Début du contenu principal.
«Il y a une limite à la passion, car la passion ne paie pas les comptes».
Les agriculteurs sont particulièrement affectés par l'inflation, si bien que 11 % d'entre eux prévoient arrêter ou fermer leur entreprise, selon un sondage réalisé par l'Union des producteurs agricoles (UPA).
L’augmentation du coût des intrants de production, comme les engrais, le carburant et les semences, a été trois fois supérieure (28 entre janvier 2020 et septembre 2022, selon l’UPA, qui demande l’aide du gouvernement du Québec.
«On n’arrive pu pantoute», a indiqué le producteur de grain en Abitibi-Témiscamingue Pascal Rheault, qui était présent lors d’une conférence de presse de l’UPA à Longueuil mercredi matin.
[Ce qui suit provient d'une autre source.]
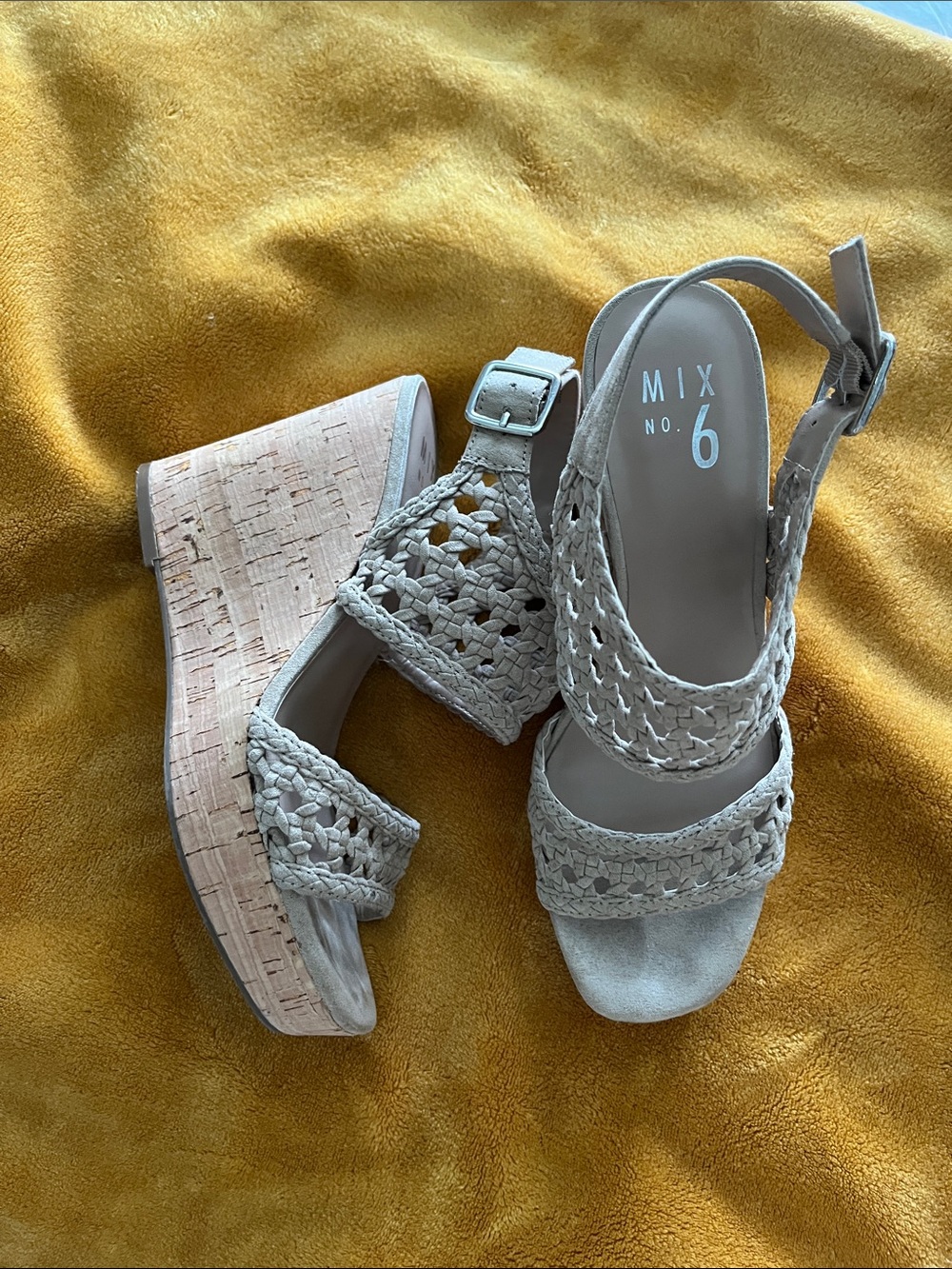 Mix No. 6 Tan Woven Cork Platform Wedge Sandals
«Avec la hausse au niveau de l’inflation, ça l’a eu un impact majeur sur les coûts de production», a soutenu le président général de l’UPA, Martin Caron, entrevue avec la cheffe d’antenne, Marie-Christine Bergeron, au bulletin Noovo Le Fil 17.
M. Caron ajoute que généralement, les producteurs agricoles doivent investir 8$ pour chaque dollar de profit dans leur entreprise.
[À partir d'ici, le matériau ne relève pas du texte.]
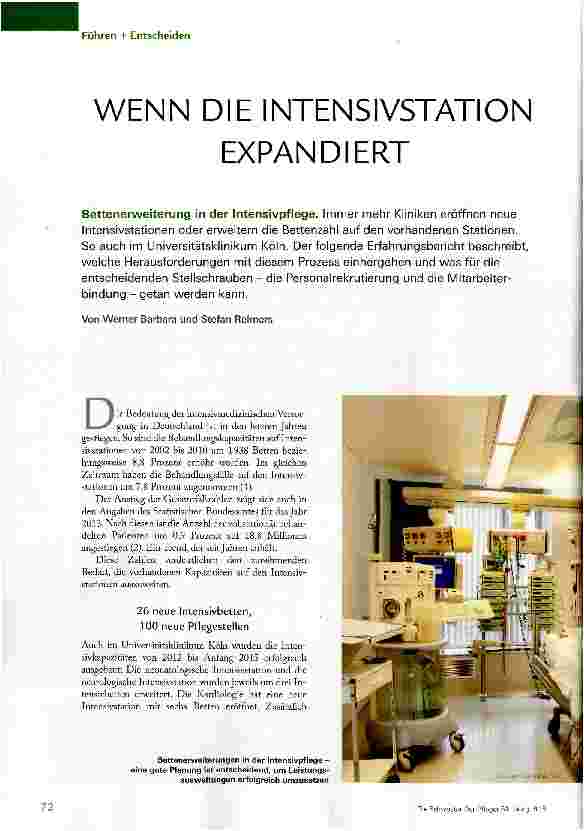 Vorschauseite 1: WENN DIE INTENSIVSTATION EXPANDIERT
Voyez l’entrevue intégrale dans la vidéo de cet article.
« En région, on est habitué à avoir des coûts de transport plus élevés, mais avec la hausse rapide du coût du diesel, chaque transport qui rentre ou sort de ma région coûte entre 500 $ et 600 $ supplémentaires », a indiqué celui qui est également président de l’UPA en Abitibi-Témiscamingue.
Les agriculteurs des régions périphériques sont « les canaris dans la mine » et présentement, « les canaris sont en train de plier les pattes, ils vont avoir besoin d’une bouffée d’air pur », a imagé l’agriculteur.
Selon le coup de sonde réalisé par l’UPA, 20 % des entreprises agricoles ont actuellement une mauvaise ou une très mauvaise santé financière, alors que la moitié d’entre elles anticipent une détérioration de leur situation au cours de la prochaine année.
Quatre entreprises sur dix indiquent que la hausse des taux d’intérêt pourrait les empêcher de respecter leurs obligations financières et 11 % prévoient arrêter ou fermer leur entreprise.
La situation financière est particulièrement difficile pour les agriculteurs de la relève, qui doivent subir l’impact de l’augmentation des taux d’intérêt.
« L’augmentation du coût des terres, des intrants et de la machinerie », combinée à celle des taux d’intérêt, constitue « une vraie bombe à retardement », selon la productrice laitière Julie Bissonnette.
« En cinq ans à la présidence de la fédération de la relève agricole du Québec (FRAQ), je n’ai jamais entendu autant de jeunes remettre en question leur avenir en agriculture », a ajouté la productrice laitière.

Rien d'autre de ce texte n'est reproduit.